David Barrow, vice president, vision, solutions & architecture, Chordiant, likens SEPA to a town market where everyone is selling the same thing. “SEPA will utterly destroy a bank’s ability to compete on cross-border products by price or product type. For those that do continue to offer cross-border payment products, competition will have to be around more subtle areas such as customer service and efficiency," he says.

So the only way to stand out in a crowded marketplace, he says, is to provide a unique customer experience, which means leveraging customer and transaction data that resides in silos in such a way that each customer is treated like an individual.

It is the old CRM edict rearing its ugly head again, but one wonders whether this is factored into the banks' preparations for SEPA or if the need for good old-fashioned CRM has got lost in the overriding focus on the provision of SEPA payment instruments from 2008.

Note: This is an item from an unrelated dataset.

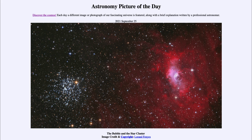So what do we see here? Two different things. On the right hand side, we see the Bubble Nebula. And on the other side, we see an open star cluster known as M52. So these are two quite different objects.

Wednesday, January 10, 2007


Since the announcement of the Bank of New York and Mellon Merger to create a banking giant with approximately $17 trillion in assets under custody, there have been a lot of murmurings in the marketplace as to the strategic value of the deal for customers.

The merger between the two banks has resulted in it earning the moniker, 'BoNYM' in reference to the German band of the 70s, Boney M. I first heard that joke at lunch with another leading global custodian not long after the BoNYM announcement was made. It has since spiralled. It makes you wonder whether the branding gurus had a hand in the merger - what better way to capture the market's attention than naming yourself after a band that manufactured "bubble gum" infectious pop music.

Some observers suggest that whilst there are cost synergies to be realised from the merger, all is not "Daddy Cool." According to Richard Hogsflesh, managing director of R&M Surveys, which compiles an annual ranking of the top 10 global custodians, big does not necessarily mean better when it comes to customer quality.

In the December/January issue of financial-i magazine,he says that the trillion dollar tie up may be a cause for concern for existing customers of both banks as the deal appears to be more "shareholder-driven" than "customer-driven".

Another custodian I was speaking to the other day said whilst he understood the cost synergies both banks would derive from the merger, particularly in the competitive US custody market, he did not see how the merger would benefit the bank's international business.

It appears that the jury is still out on what 'BoNYM' really means for the global custody business, if anything?